[Supplied data]
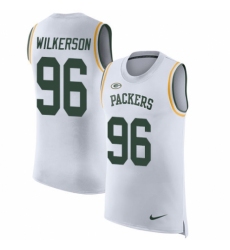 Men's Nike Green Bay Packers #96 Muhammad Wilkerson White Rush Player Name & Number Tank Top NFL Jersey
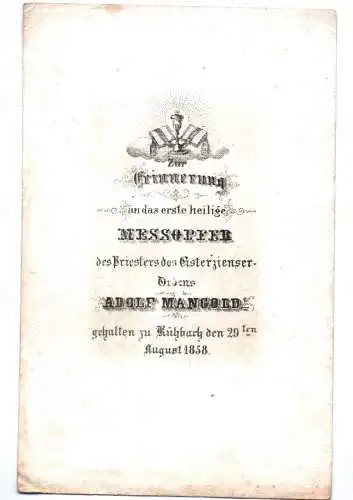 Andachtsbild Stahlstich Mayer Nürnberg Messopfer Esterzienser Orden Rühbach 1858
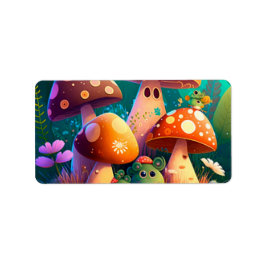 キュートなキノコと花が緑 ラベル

[Exercise aim] Starting with the line that contains "Andachtsbild Stahlstich Mayer" and ending with the last line of the data above, transcribe exactly those lines and no others, without pictures.

[Solution to this exercise]
 Andachtsbild Stahlstich Mayer Nürnberg Messopfer Esterzienser Orden Rühbach 1858
 キュートなキノコと花が緑 ラベル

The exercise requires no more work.